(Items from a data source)
= = = = = = =

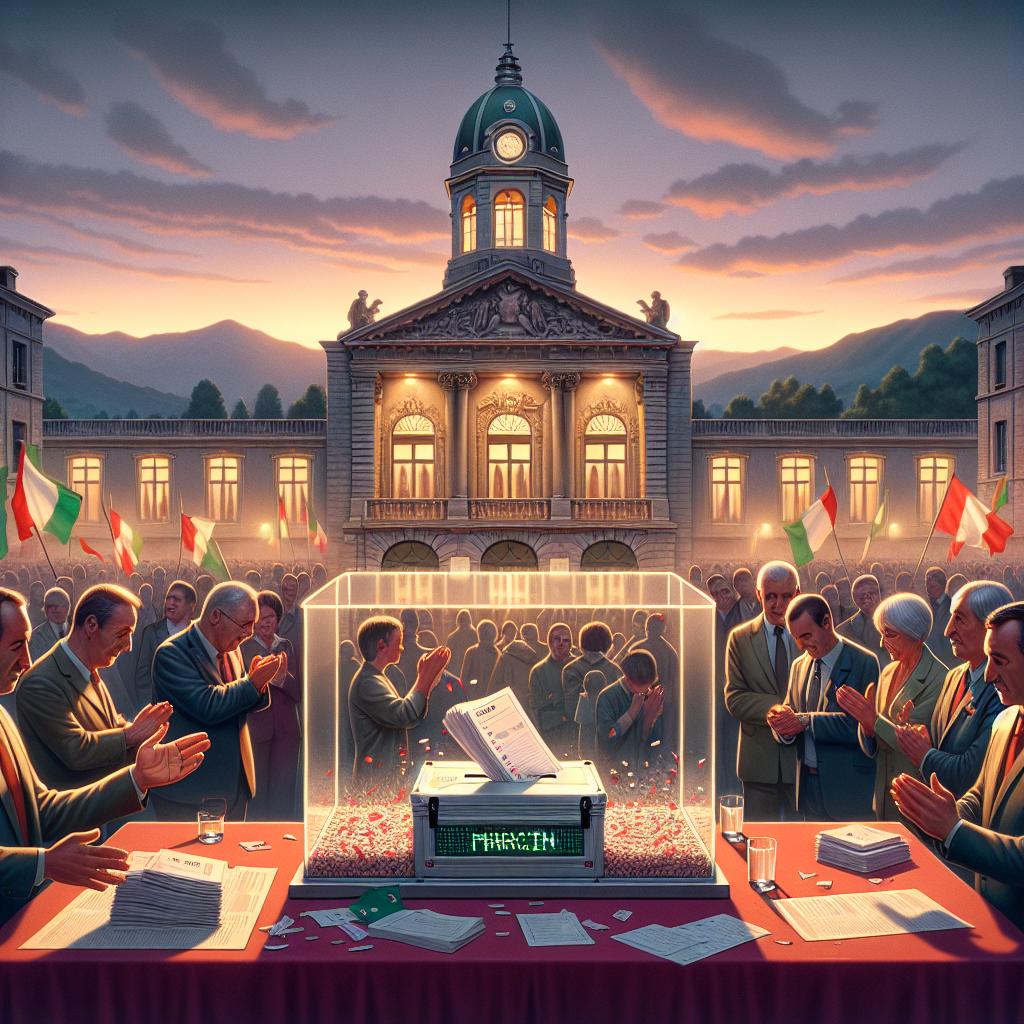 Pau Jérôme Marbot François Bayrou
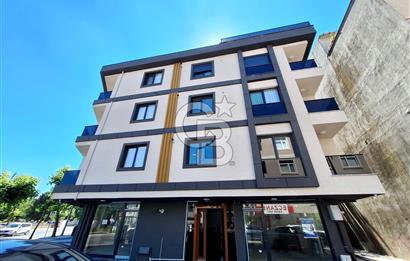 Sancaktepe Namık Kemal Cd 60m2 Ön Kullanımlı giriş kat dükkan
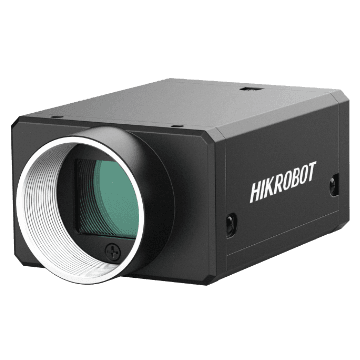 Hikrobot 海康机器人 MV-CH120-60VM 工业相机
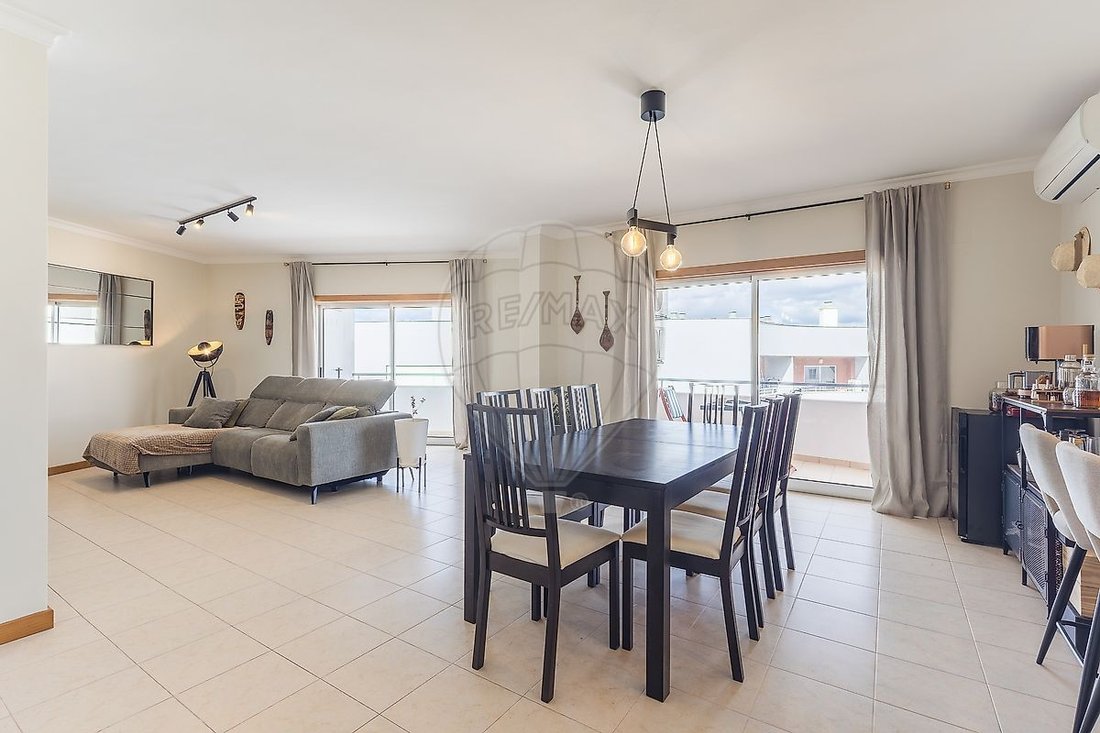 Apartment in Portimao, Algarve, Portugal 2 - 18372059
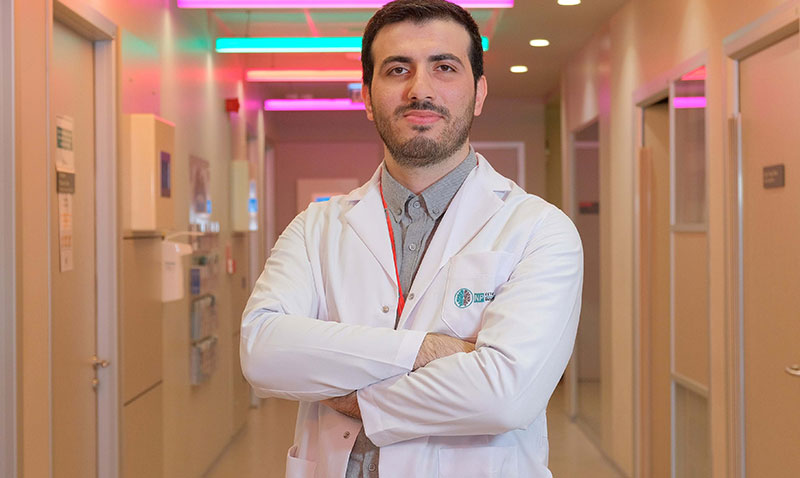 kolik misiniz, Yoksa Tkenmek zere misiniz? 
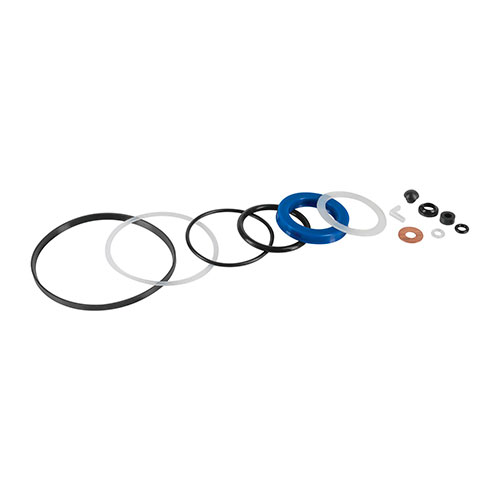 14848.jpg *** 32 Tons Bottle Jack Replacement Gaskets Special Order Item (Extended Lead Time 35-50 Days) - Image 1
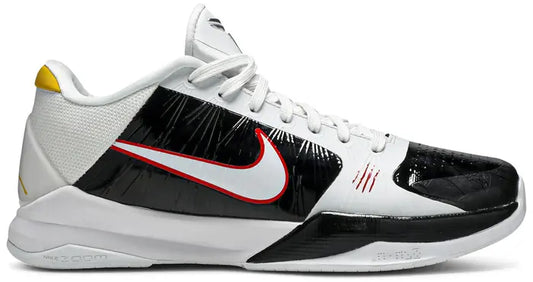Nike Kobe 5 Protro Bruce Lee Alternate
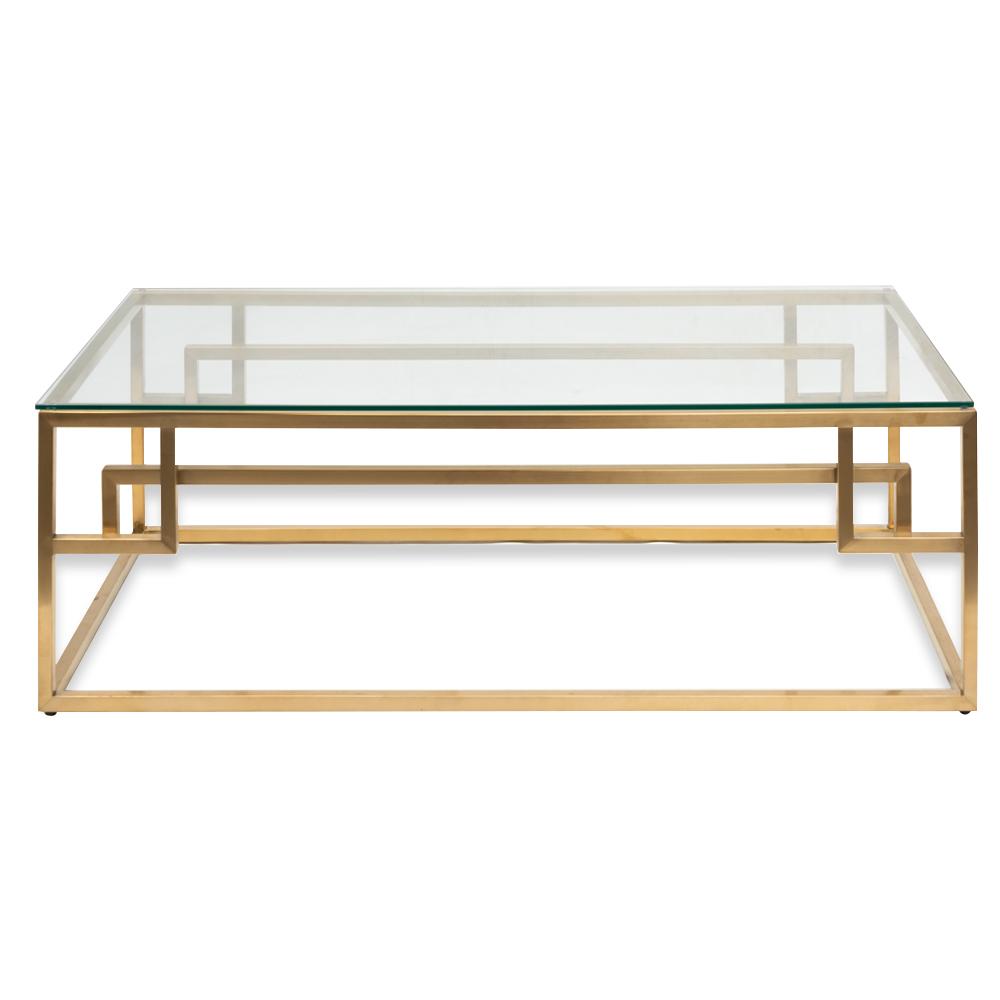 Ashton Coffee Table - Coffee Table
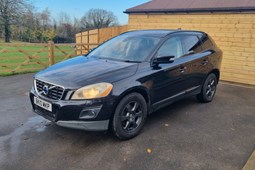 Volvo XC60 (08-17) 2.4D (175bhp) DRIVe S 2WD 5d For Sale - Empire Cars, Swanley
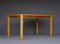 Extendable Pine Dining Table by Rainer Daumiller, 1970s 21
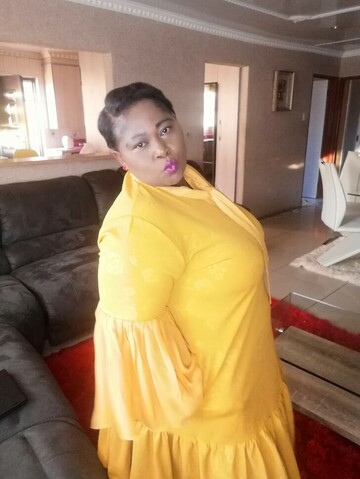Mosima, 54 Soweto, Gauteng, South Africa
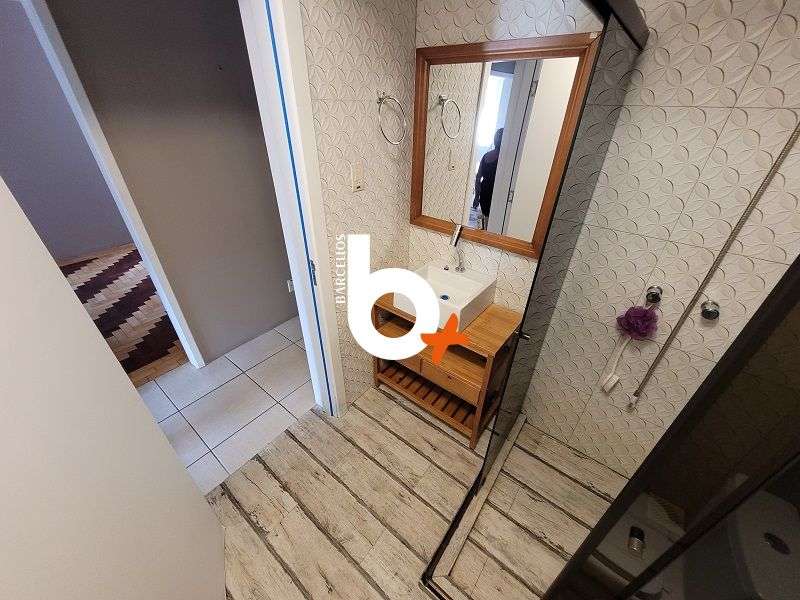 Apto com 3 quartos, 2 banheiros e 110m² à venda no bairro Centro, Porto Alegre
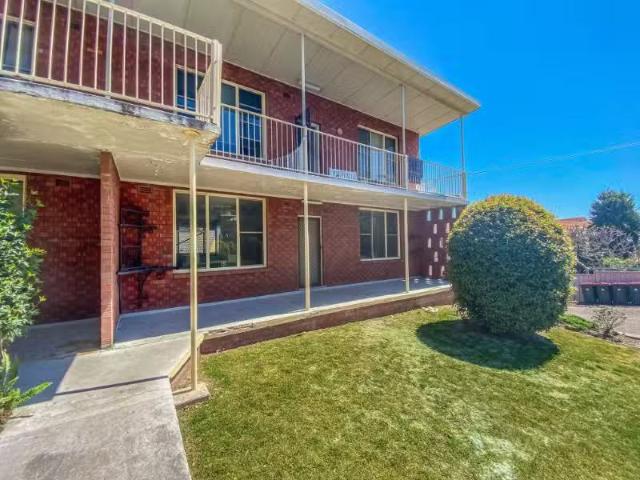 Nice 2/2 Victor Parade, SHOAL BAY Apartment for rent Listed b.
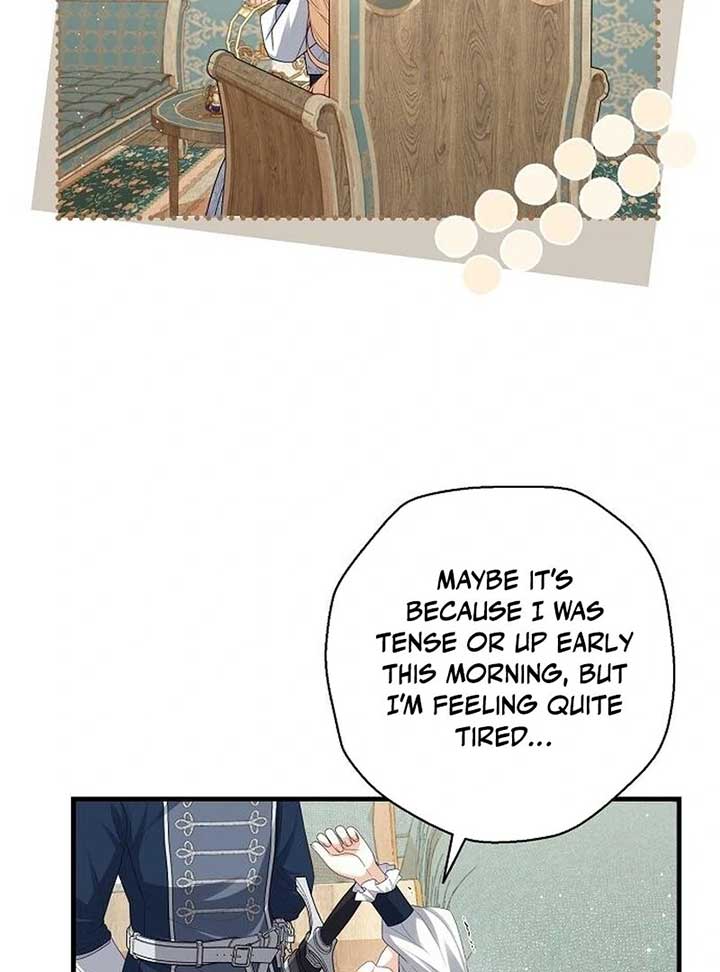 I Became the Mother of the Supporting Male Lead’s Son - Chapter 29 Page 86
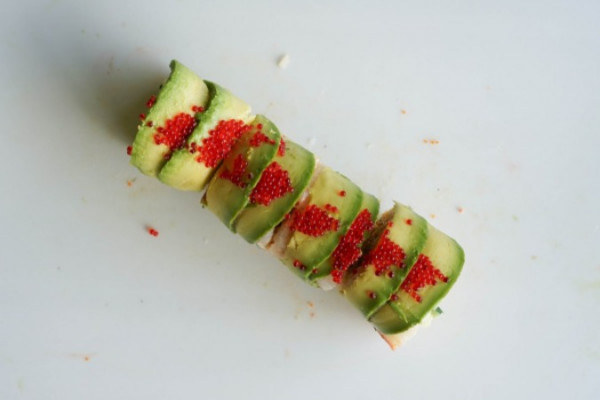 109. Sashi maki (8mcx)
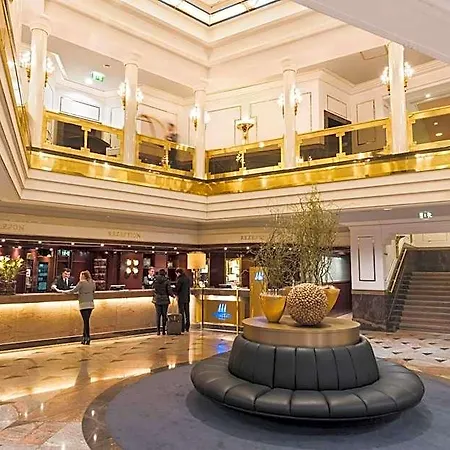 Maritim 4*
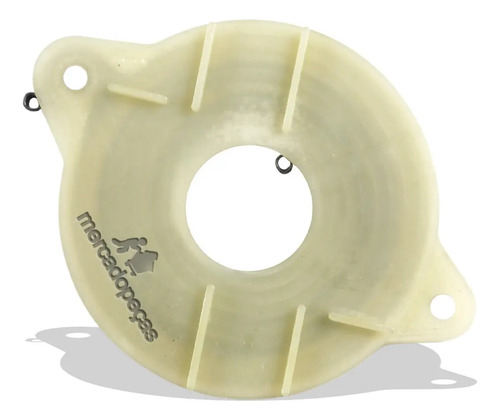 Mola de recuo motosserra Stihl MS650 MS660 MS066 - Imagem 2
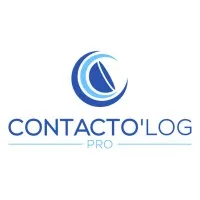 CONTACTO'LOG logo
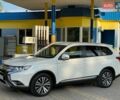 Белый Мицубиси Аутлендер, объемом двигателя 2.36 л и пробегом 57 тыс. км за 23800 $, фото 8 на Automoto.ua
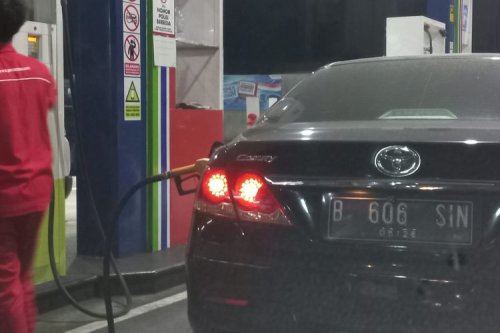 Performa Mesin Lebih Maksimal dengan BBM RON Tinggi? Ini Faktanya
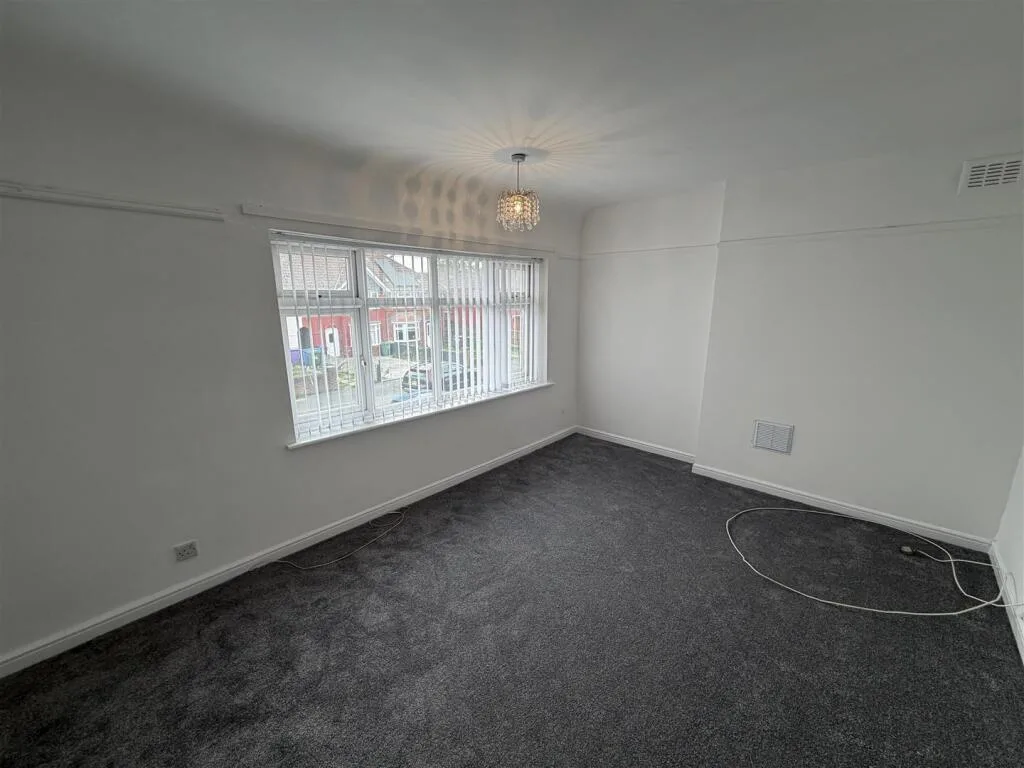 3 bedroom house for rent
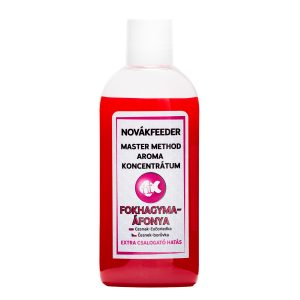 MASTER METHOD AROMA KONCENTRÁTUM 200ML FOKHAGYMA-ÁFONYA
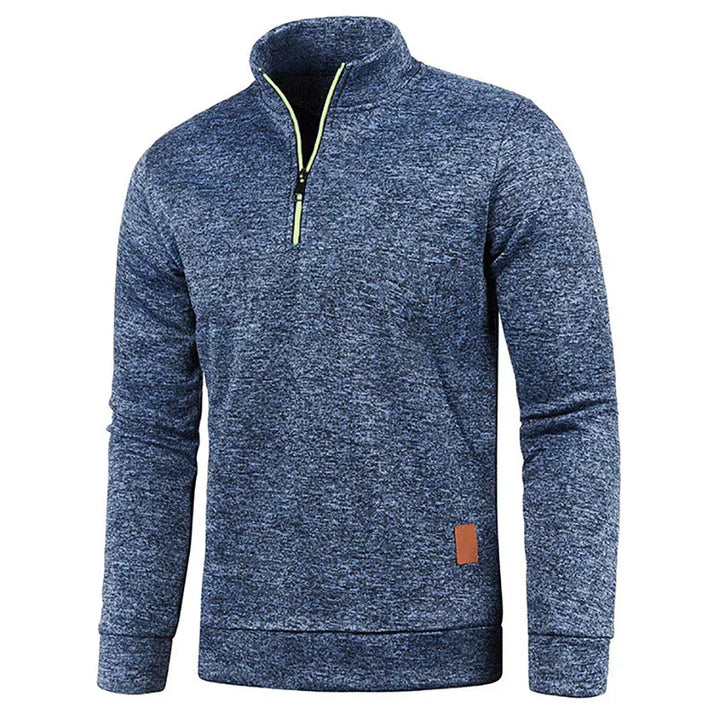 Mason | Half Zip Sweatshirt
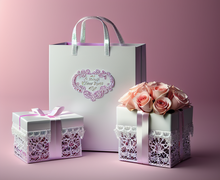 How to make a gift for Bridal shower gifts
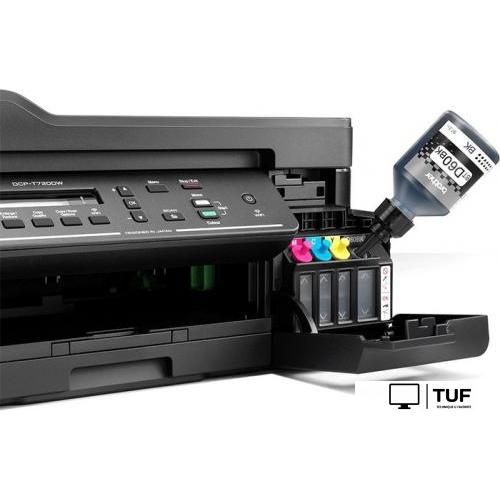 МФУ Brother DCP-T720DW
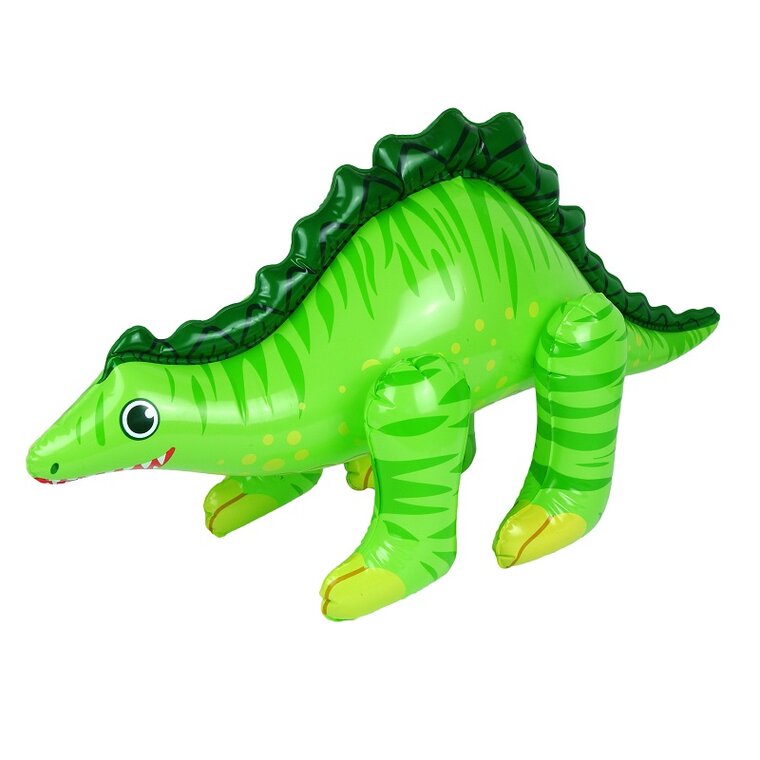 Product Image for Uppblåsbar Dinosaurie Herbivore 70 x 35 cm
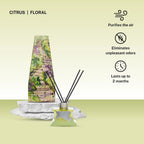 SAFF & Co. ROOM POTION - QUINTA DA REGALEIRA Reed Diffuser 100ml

= = = = = = =

_Exercise instructions_: Word for word and without any pictures, return all of the lines above.

_Result of this task_:
 Pau Jérôme Marbot François Bayrou
 Sancaktepe Namık Kemal Cd 60m2 Ön Kullanımlı giriş kat dükkan
 Hikrobot 海康机器人 MV-CH120-60VM 工业相机
 Apartment in Portimao, Algarve, Portugal 2 - 18372059
 kolik misiniz, Yoksa Tkenmek zere misiniz? 
 14848.jpg *** 32 Tons Bottle Jack Replacement Gaskets Special Order Item (Extended Lead Time 35-50 Days) - Image 1
Nike Kobe 5 Protro Bruce Lee Alternate
 Ashton Coffee Table - Coffee Table
 Volvo XC60 (08-17) 2.4D (175bhp) DRIVe S 2WD 5d For Sale - Empire Cars, Swanley
 Extendable Pine Dining Table by Rainer Daumiller, 1970s 21
Mosima, 54 Soweto, Gauteng, South Africa
 Apto com 3 quartos, 2 banheiros e 110m² à venda no bairro Centro, Porto Alegre
 Nice 2/2 Victor Parade, SHOAL BAY Apartment for rent Listed b.
 I Became the Mother of the Supporting Male Lead’s Son - Chapter 29 Page 86
 109. Sashi maki (8mcx)
 Maritim 4*
 Mola de recuo motosserra Stihl MS650 MS660 MS066 - Imagem 2
 CONTACTO'LOG logo
 Белый Мицубиси Аутлендер, объемом двигателя 2.36 л и пробегом 57 тыс. км за 23800 $, фото 8 на Automoto.ua
 Performa Mesin Lebih Maksimal dengan BBM RON Tinggi? Ini Faktanya
 3 bedroom house for rent
 MASTER METHOD AROMA KONCENTRÁTUM 200ML FOKHAGYMA-ÁFONYA
 Mason | Half Zip Sweatshirt
 How to make a gift for Bridal shower gifts
 МФУ Brother DCP-T720DW
 Product Image for Uppblåsbar Dinosaurie Herbivore 70 x 35 cm
 SAFF & Co. ROOM POTION - QUINTA DA REGALEIRA Reed Diffuser 100ml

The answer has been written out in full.